Visualization helps us understand patterns in data quality issues:

In [None]:
# Create comprehensive visualizations
fig = plt.figure(figsize=(20, 12))

# 1. Missing data matrix
ax1 = plt.subplot(2, 3, 1)
msno.matrix(df, ax=ax1, sparkline=False)
ax1.set_title('Missing Data Pattern Matrix', fontsize=14, fontweight='bold')

# 2. Missing data bar chart
ax2 = plt.subplot(2, 3, 2)
missing_counts = df.isnull().sum().sort_values(ascending=False)
missing_counts = missing_counts[missing_counts > 0]
ax2.bar(range(len(missing_counts)), missing_counts.values)
ax2.set_xticks(range(len(missing_counts)))
ax2.set_xticklabels(missing_counts.index, rotation=45, ha='right')
ax2.set_ylabel('Number of Missing Values')
ax2.set_title('Missing Values by Column', fontsize=14, fontweight='bold')
ax2.grid(True, alpha=0.3)

# 3. Missing data heatmap
ax3 = plt.subplot(2, 3, 3)
msno.heatmap(df, ax=ax3)
ax3.set_title('Missing Data Correlation Heatmap', fontsize=14, fontweight='bold')

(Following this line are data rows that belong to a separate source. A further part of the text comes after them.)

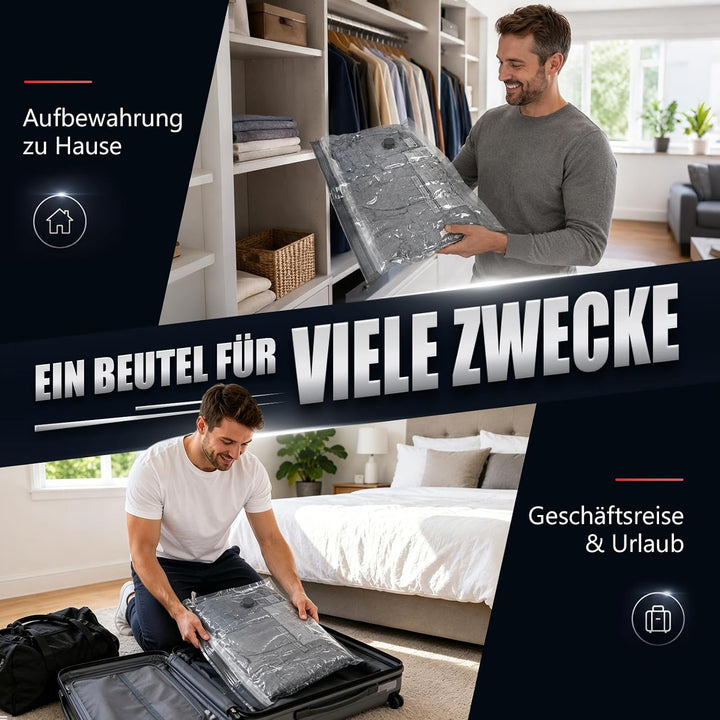 Accenter Vakuumbeutel für Kleidung mit Pumpe – praktisches Reise-Gadget, geeignet als Koffer-Organiz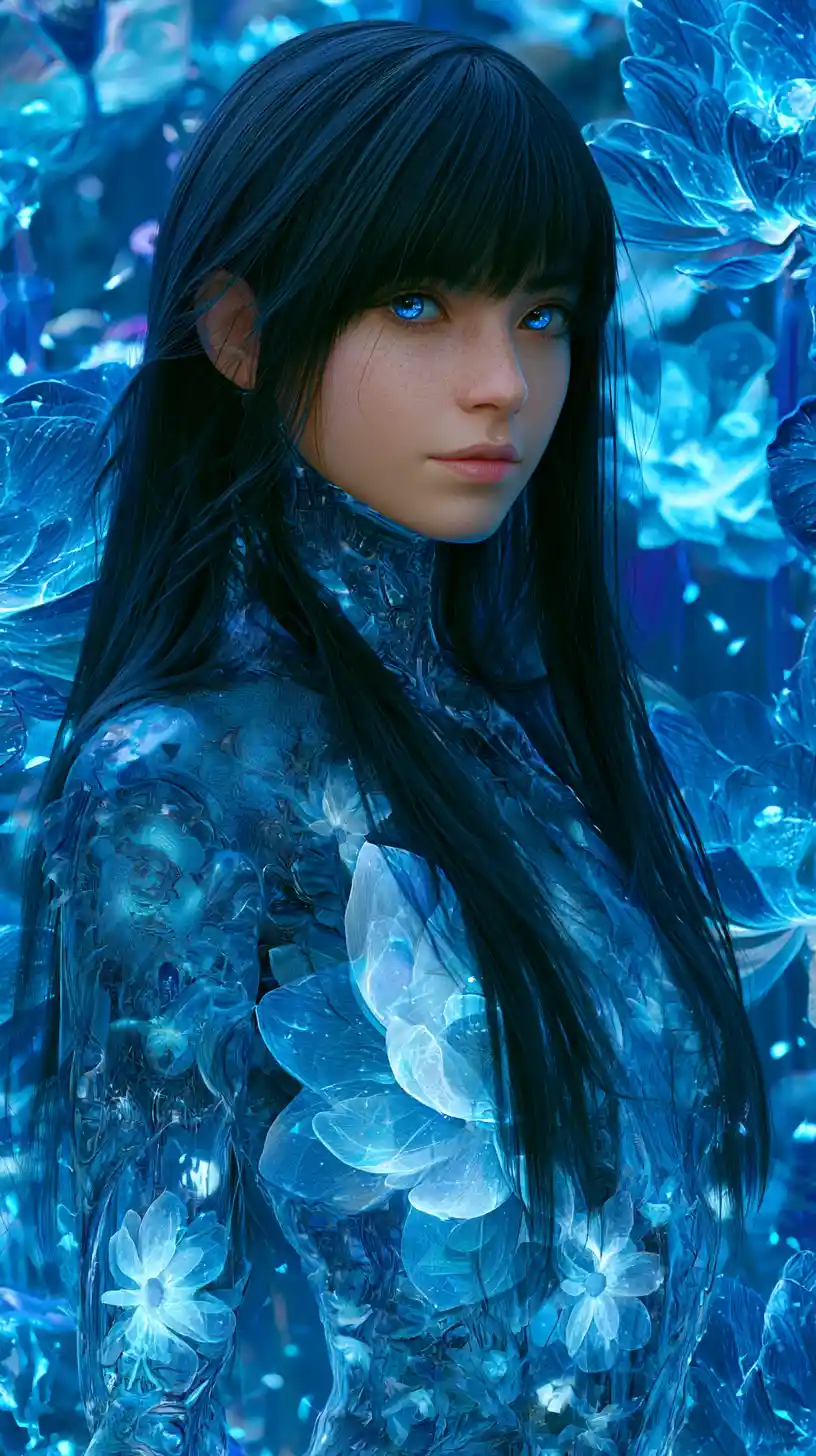 Mujer cibernética de ojos azules en jardín de lotos luminosos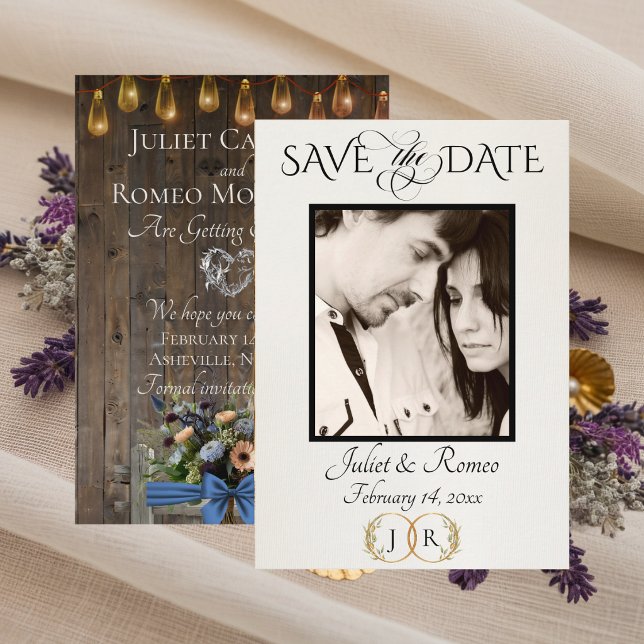 Save The Date Photo, Fleurs sauvages et monogramme à feuille - B (Créateur téléchargé)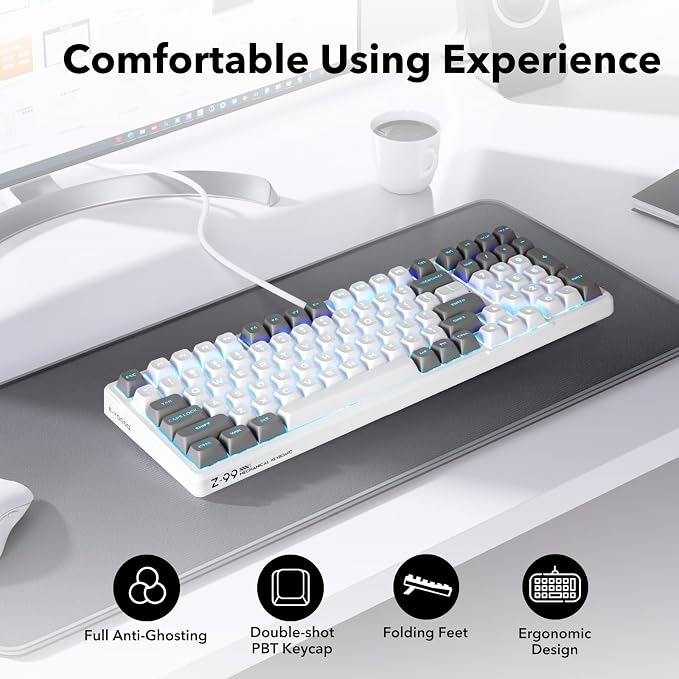 HUO JI Z-99 Wired Mechanical Keyboard, Creamy Sound, Hot Swappable Pre-lubed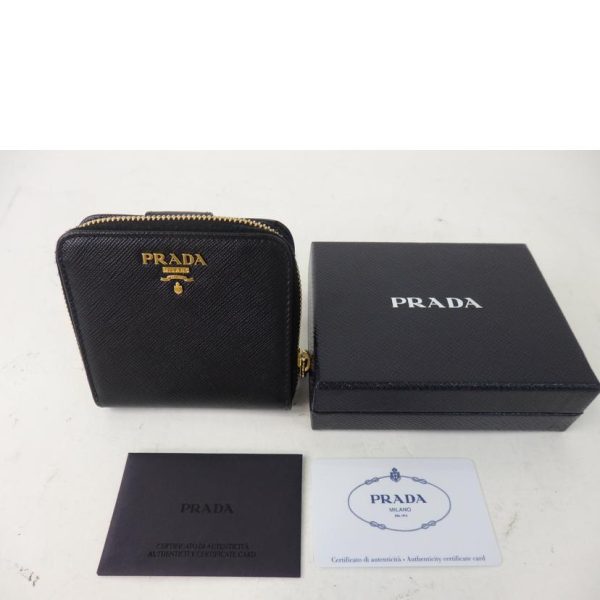 46700 1 Prada Saffiano Bi Fold Compact Wallet Black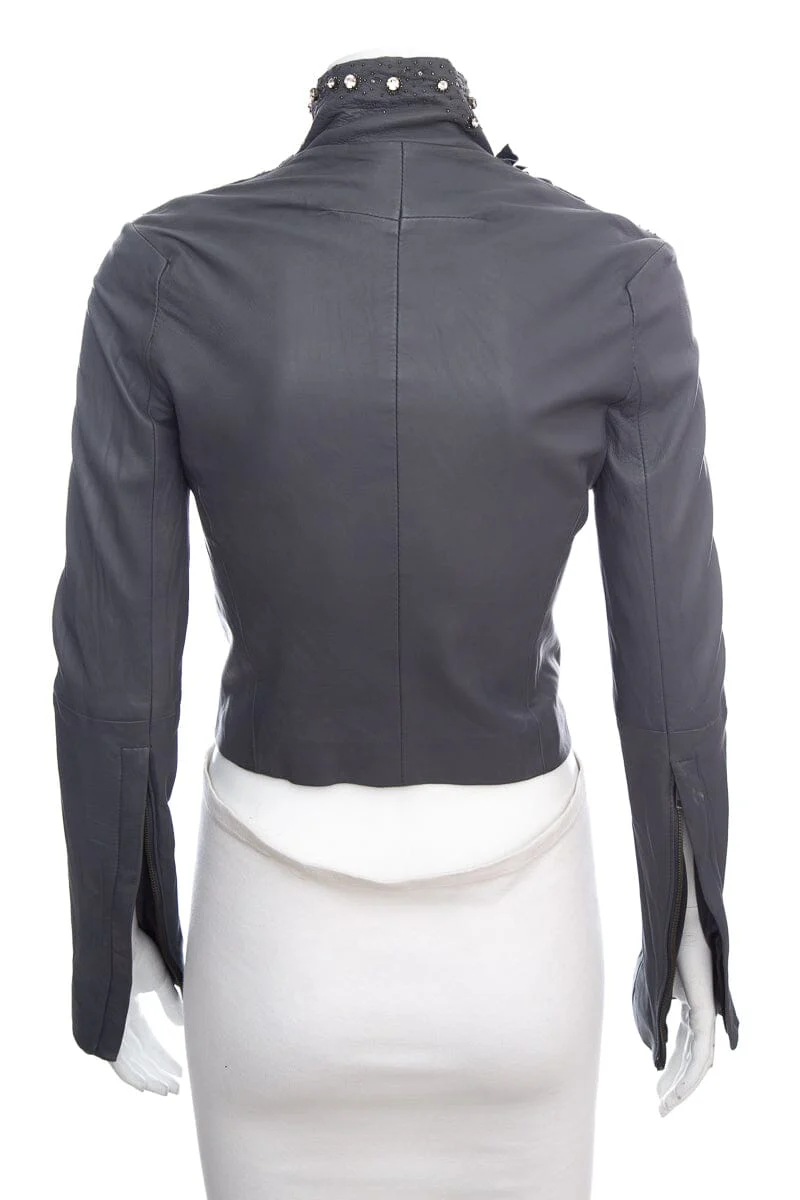 Givenchy Gray Leather Mesh & Embellished Moto Jacket SZ 38 - Image 3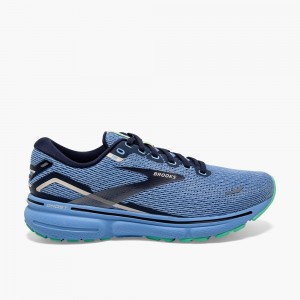 White / Grey / Blue Women Brooks Ghost 15 Cushioned Road Running Shoes | BPFK37140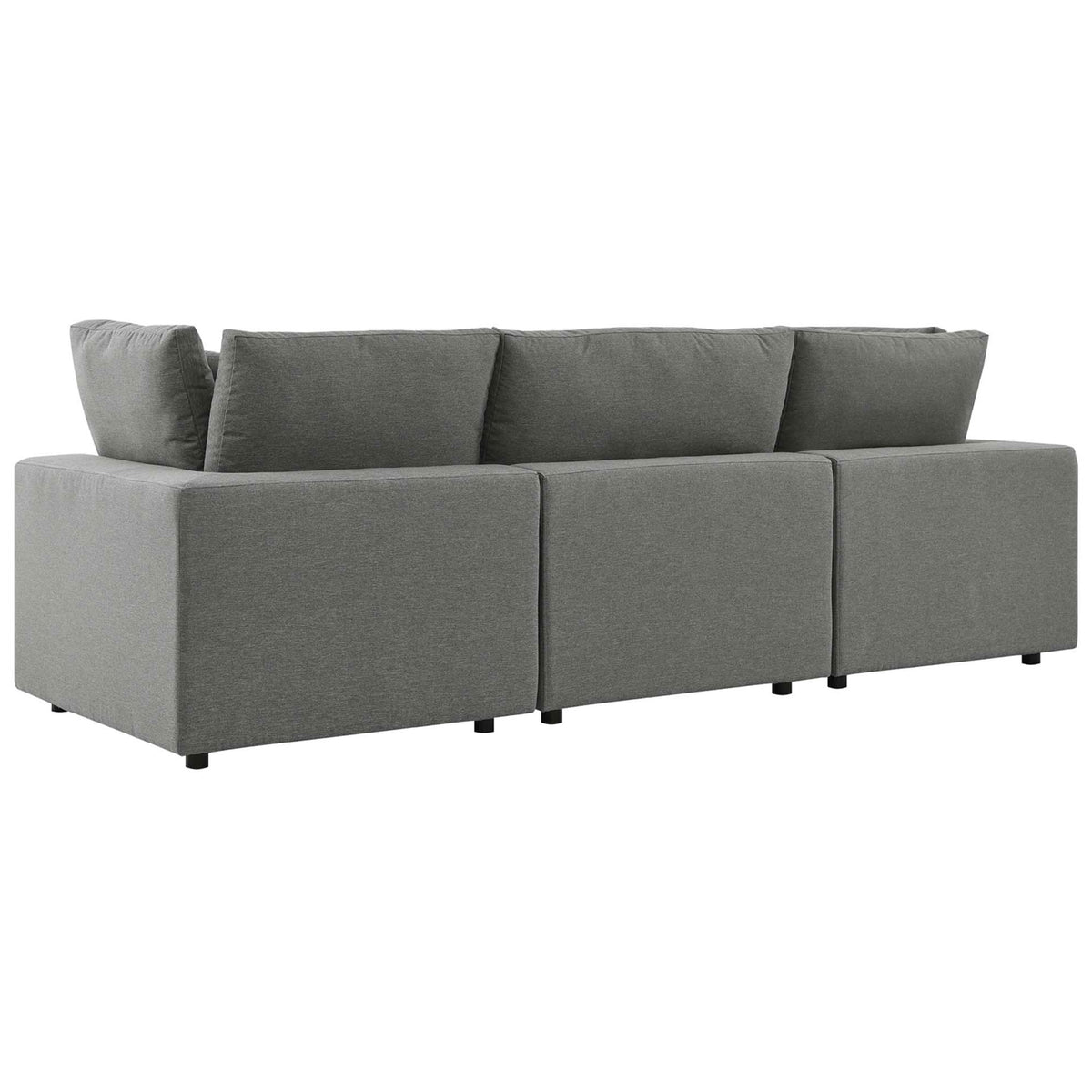 Charcoal outdoor sofa back with smooth tailored upholstery and simple low-profile silhouette || EEI-5578-CHA || back_studio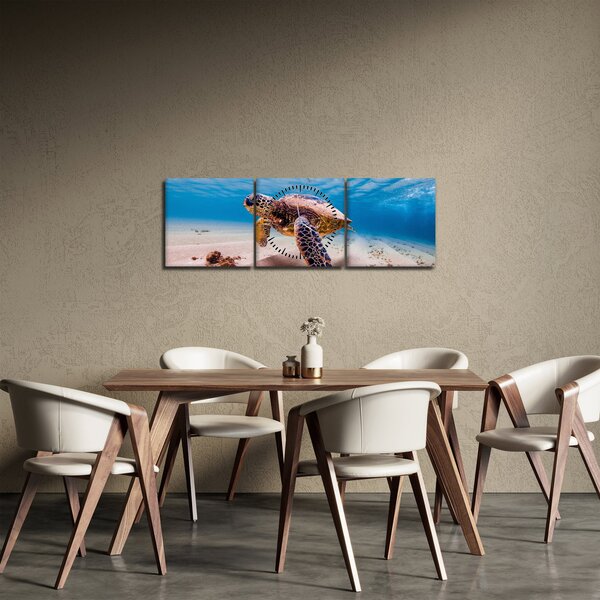 Obraz želvy v oceánu (s hodinami) (90x30 cm)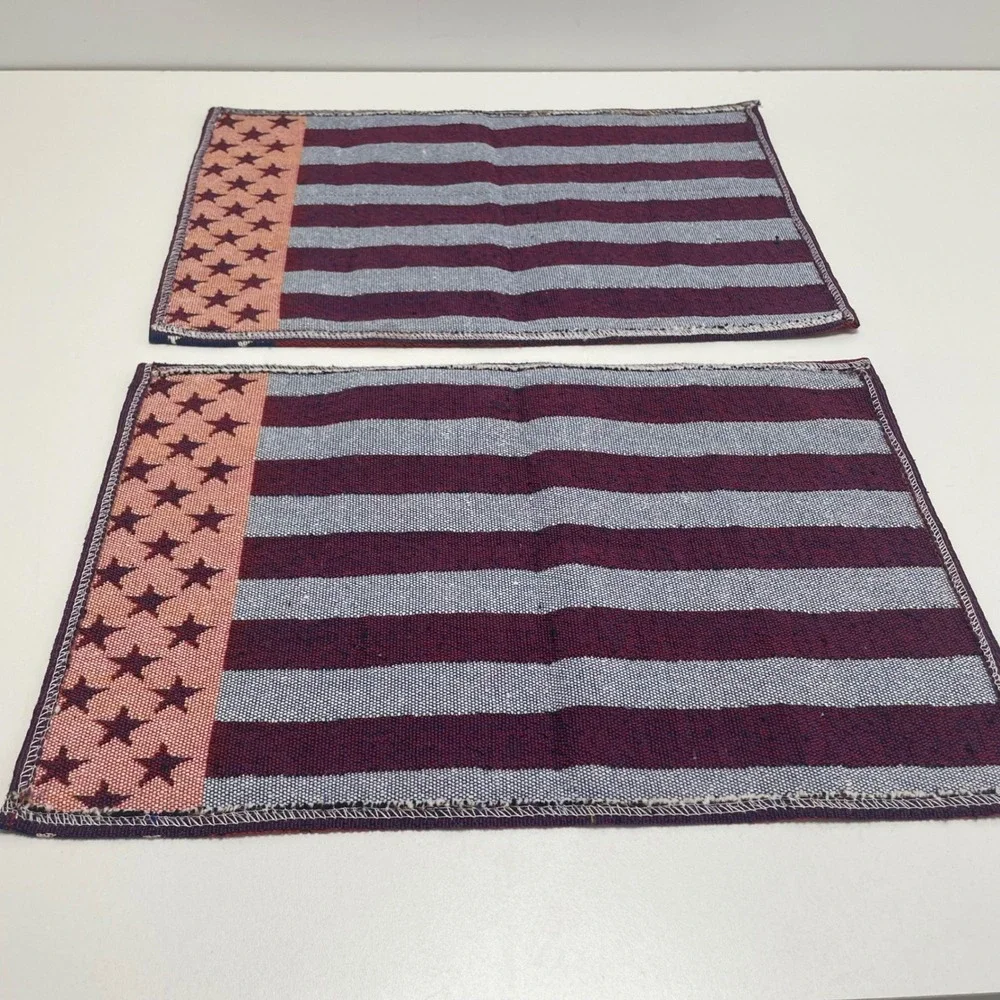 Set of 2 American Flag Woven Tapestry Placemats Patriotic Americana 18x12.5
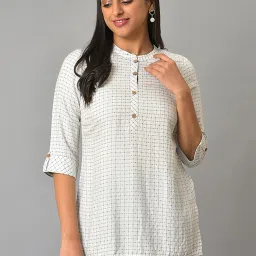 Aurelia White Printed Straight Short Kurti image 1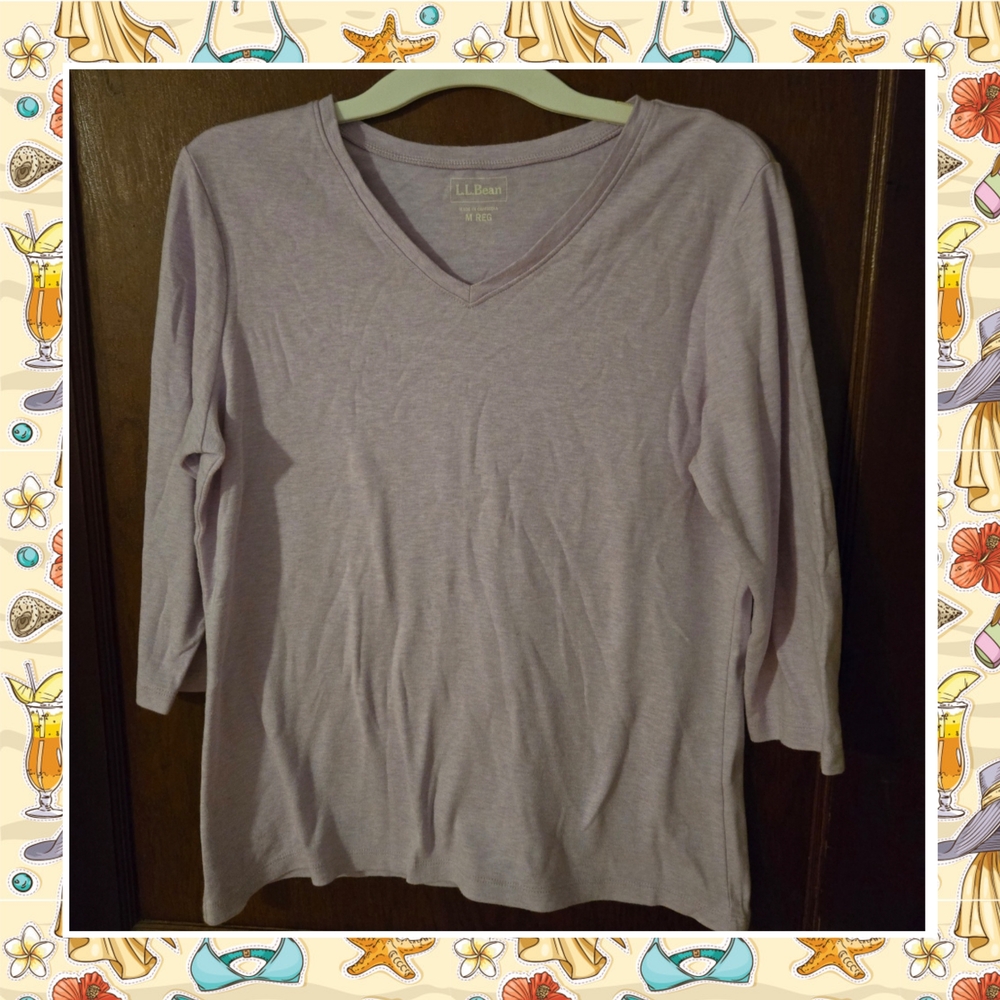 L.L. Bean Lavender V-Neck Women's Top Size Medium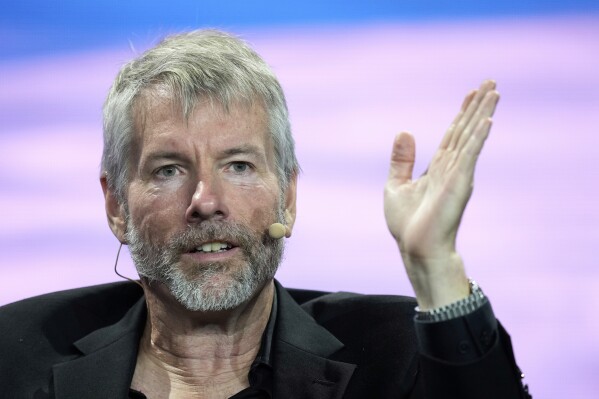 Michael Saylor, chairman and CEO of MicroStrategy, speaks during a panel discussion at the Bitcoin Conference, April 7, 2022, in Miami Beach, Fla. (AP Photo/Rebecca Blackwell, File)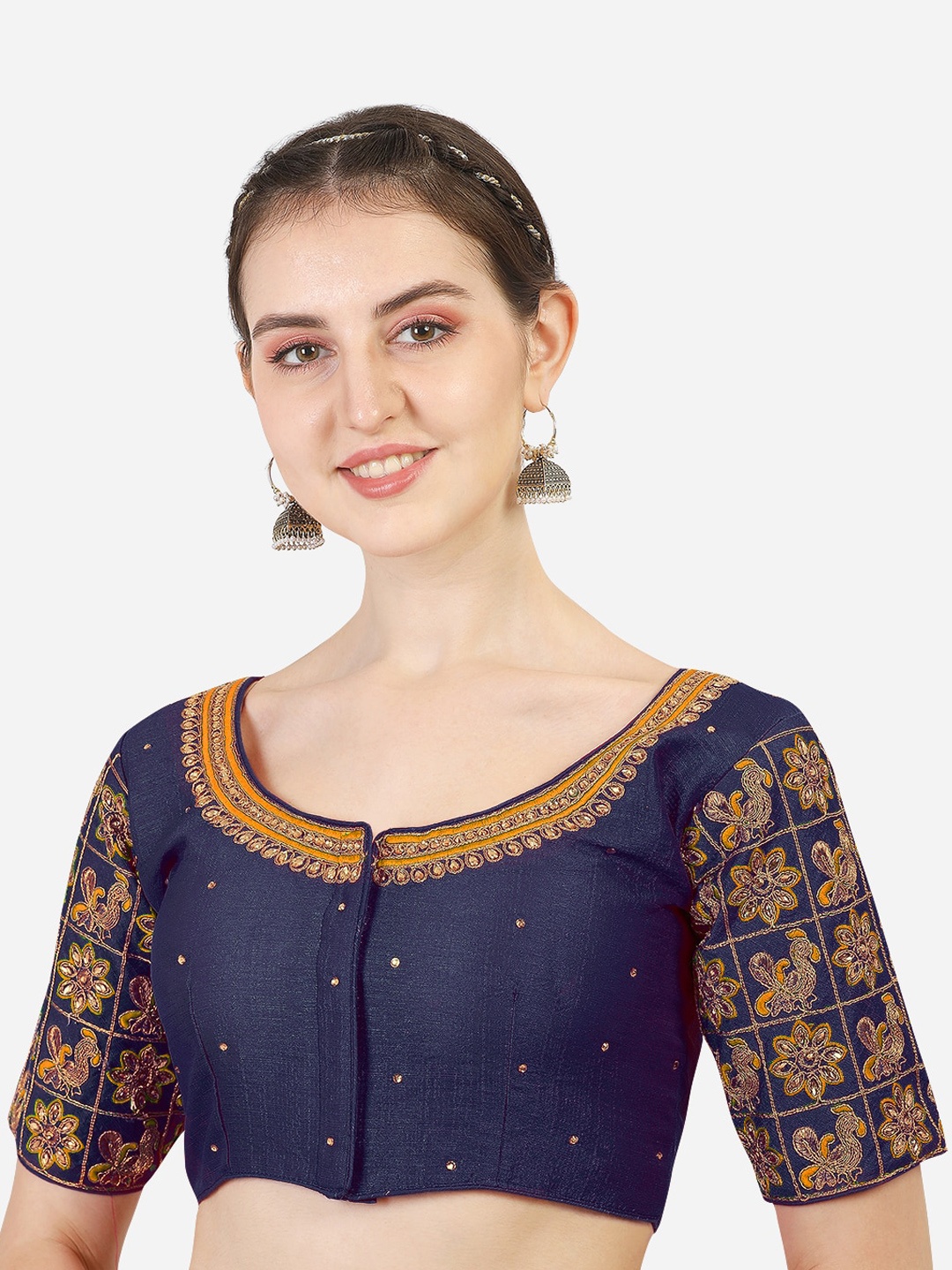 

Sumaira Tex Women Navy-Blue Embroidery Saree Blouse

# 4. Distribution of numeric columns with outliers
ax4 = plt.subplot(2, 3, 4)
numeric_cols = df.select_dtypes(include=[np.number]).columns[:4]  # First 4 numeric columns
for i, col in enumerate(numeric_cols):
    data = df[col].dropna()
    ax4.boxplot(data, positions=[i], widths=0.6, patch_artist=True,
                boxprops=dict(facecolor=f'C{i}', alpha=0.5))
ax4.set_xticks(range(len(numeric_cols)))
ax4.set_xticklabels(numeric_cols, rotation=45, ha='right')
ax4.set_title('Outlier Detection (Boxplots)', fontsize=14, fontweight='bold')
ax4.grid(True, alpha=0.3)

# 5. Data completeness by row
ax5 = plt.subplot(2, 3, 5)
row_completeness = (df.notna().sum(axis=1) / len(df.columns)) * 100
ax5.hist(row_completeness, bins=20, edgecolor='black', alpha=0.7)
ax5.set_xlabel('Row Completeness (%)')
ax5.set_ylabel('Number of Rows')
ax5.set_title('Distribution of Row Completeness', fontsize=14, fontweight='bold')
ax5.axvline(x=row_completeness.mean(), color='red', linestyle='--', label=f'Mean: {row_completeness.mean():.1f}%')
ax5.legend()
ax5.grid(True, alpha=0.3)

# 6. Duplicate analysis
ax6 = plt.subplot(2, 3, 6)
duplicate_counts = df.duplicated(keep=False).value_counts()
colors = ['green', 'red']
labels = ['Unique', 'Duplicate']
ax6.pie(duplicate_counts.values, labels=labels, colors=colors, autopct='%1.1f%%', startangle=90)
ax6.set_title('Duplicate Records Analysis', fontsize=14, fontweight='bold')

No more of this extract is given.